• _What you will do_:
Down to the last line, restate the listing below exactly.

------ Dataset excerpt

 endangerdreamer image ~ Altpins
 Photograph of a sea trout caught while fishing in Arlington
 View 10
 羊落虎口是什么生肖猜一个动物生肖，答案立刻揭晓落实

------------

• _Result of the task_:
 endangerdreamer image ~ Altpins
 Photograph of a sea trout caught while fishing in Arlington
 View 10
 羊落虎口是什么生肖猜一个动物生肖，答案立刻揭晓落实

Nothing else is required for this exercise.